Итак, в идеале, после напряженной недели службы и учёбы, в выходные дни  предполагалось увольнение в город часа на четыре, если ты: хорошо учился, хорошо служил и был в общем классным  парнем. Казалось бы, чего проще, не бином Ньютона, но не тут то было. Залет мог прилететь (извиняюсь за тавтологию),  откуда угодно, в том числе в пятницу вечером или в субботу утром, или в субботу днем, или уже перед увольнением. Не буду перечислять все причины, упомяну только последнюю: не так посмотрел! Как говорят в армии: «Домотаться можно и к столбу!».  В начале первого курса нам назначили взрослого старшину, курсанта четвертого курса Крахмального. О! Это был редкостный экземпляр! Его широченная многозубая улыбка внушала доверье, надежду и страх! Нельзя сказать, что он был сволочью,  учил, воспитывал, требовал и всё со своей знаменитой улыбкой. Вот один из случаев…Я и  Андрей Каюрин из пятого взвода, готовились заступить в наряд, построили нас для осмотра внешнего вида, у старшины настроение хорошее, улыбается гад, ну и Андрюха (который за словом в карман не лез), тоже заулыбался, Крахмальный ласково спрашивает:
 - Каюрин, чего это ты улыбаешься.
 - Не скажу, товарищ старшина, а то вы накажите
 - Да ладно, говори, я сегодня добрый, не накажу.

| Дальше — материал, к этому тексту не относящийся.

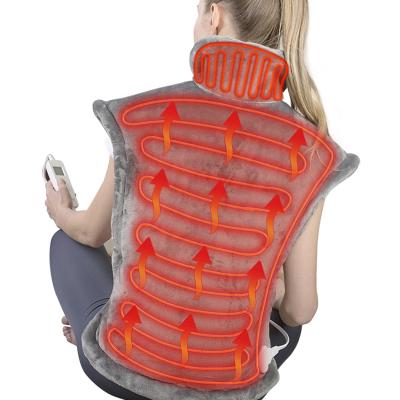 China Newest Factory Price Convenient Reusable Washable Electric Neck Wrap Heater Pad Electric Heater Pad for Neck and Shoulders for sale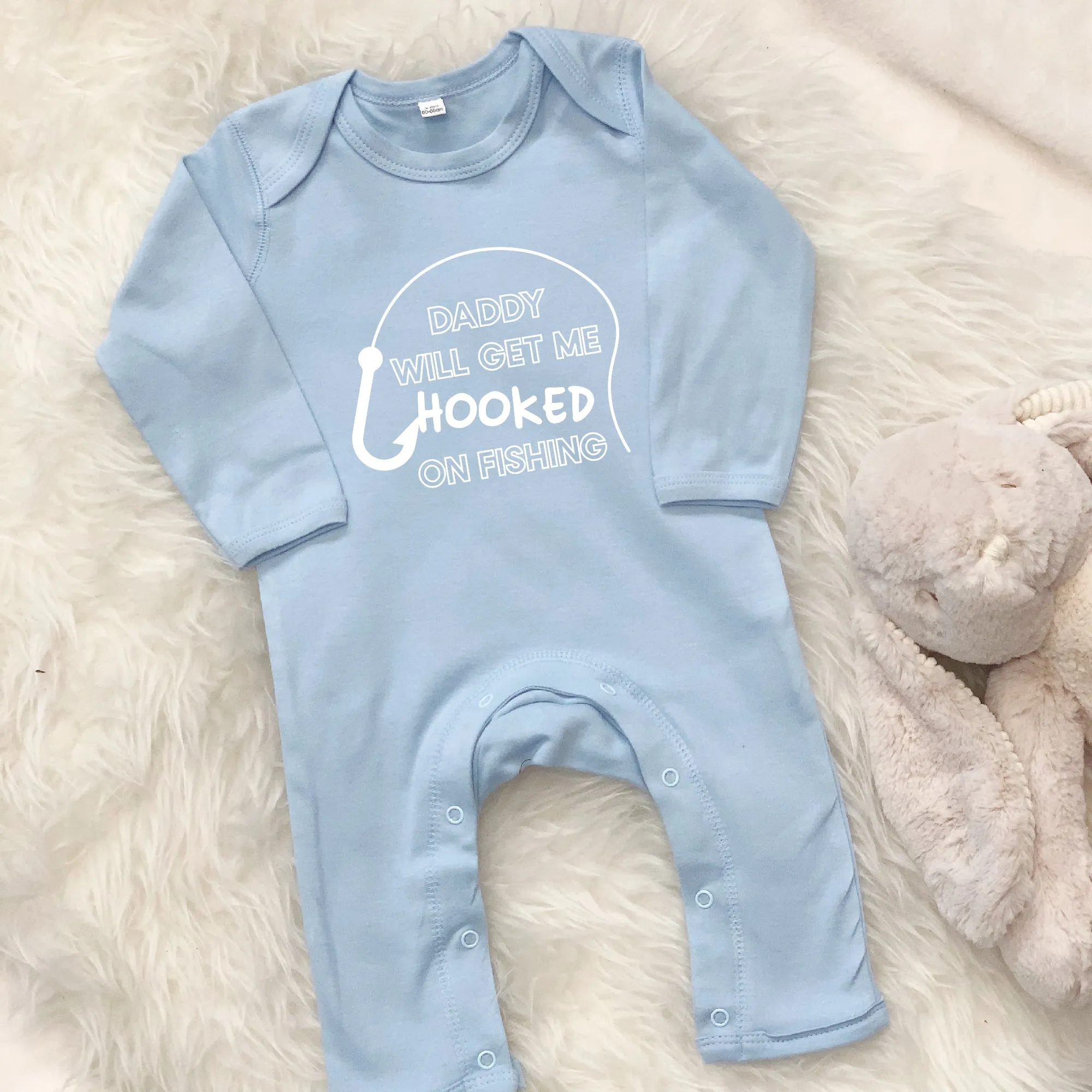 Daddy Will Get Me Hooked On Fishing Babygrow
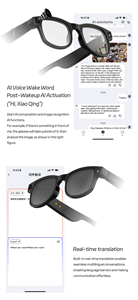 Lunettes Intelligentes MINGTAIHE AI 4K avec Caméra Anti-Tremblement, Enregistreur Vidéo et Photo HD, Enregistrement Vocal et Traduction en Temps Réel - Product Image 4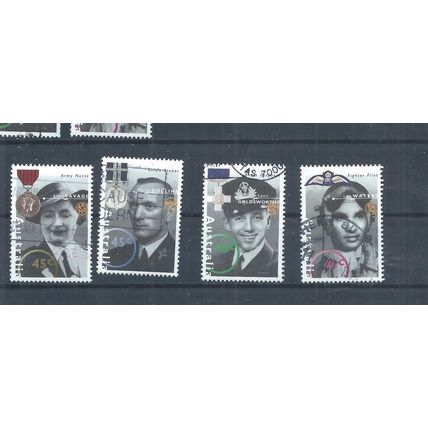 Australia stamps. .1995 Australian Second World War Heroes used (AQ562)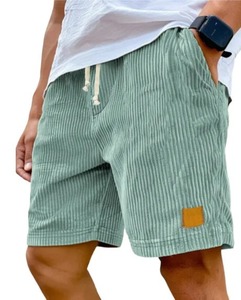 Shorts décontractés pour hommes, conception personnalisée OEM, polyester/nylon/spandex, cordon de serrage, mi-longueur, tricoté, respirant, séchage rapide, écologique - Product Image 4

 - Товарищ старшина, когда вы улыбаетесь, то становитесь похожим на крокодила!
Очаровательный оскал Крахмального тут же сполз с лица: «Каюрин, три наряда на службу!»,  -  в этом весь старшина! Приближение этого кривоногого, носатого командира, внушало у меня неподдельный ужас и…улыбку! Иногда он ходил медленно вдоль строя, вытягивал вперед длинный узловатый палец и говорил, растягивая слова: «В наряд у нас пойдееееет, курсаааааант…», - по нашим спинам начинали бегать мурашки, с куриное яйцо, и вдоль позвоночника веяло ледяным холодом:  «Курсаааант…», - и мы призывали в помощь небеса: «Курсаааант..», - наконец, он останавливал крокодиловый взгляд на жертве, и лицо его освящалось неповторимой огромной улыбкой: «Петров!». Жизнь на этом заканчивалась, по строю проносился вздох облегчения, а я, обреченно, говорил «Есть».  И по этой причине тоже увольнения в город на первом курсе у меня случались крайне редко.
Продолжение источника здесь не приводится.